→ **Assigned task**
The lines to be copied run from the one containing "Eddie Bauer First" to the end of the material below; reproduce them exactly, including both ends, and nothing more.

· · · ·

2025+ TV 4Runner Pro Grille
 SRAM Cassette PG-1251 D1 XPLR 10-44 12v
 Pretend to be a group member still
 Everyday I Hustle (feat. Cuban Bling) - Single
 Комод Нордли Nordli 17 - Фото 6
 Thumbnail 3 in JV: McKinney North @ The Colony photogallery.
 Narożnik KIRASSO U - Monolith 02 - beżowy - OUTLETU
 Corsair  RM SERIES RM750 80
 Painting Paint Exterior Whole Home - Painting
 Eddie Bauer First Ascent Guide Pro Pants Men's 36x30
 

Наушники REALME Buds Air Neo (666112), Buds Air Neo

· · · ·

→ **Response**
 Eddie Bauer First Ascent Guide Pro Pants Men's 36x30
 

Наушники REALME Buds Air Neo (666112), Buds Air Neo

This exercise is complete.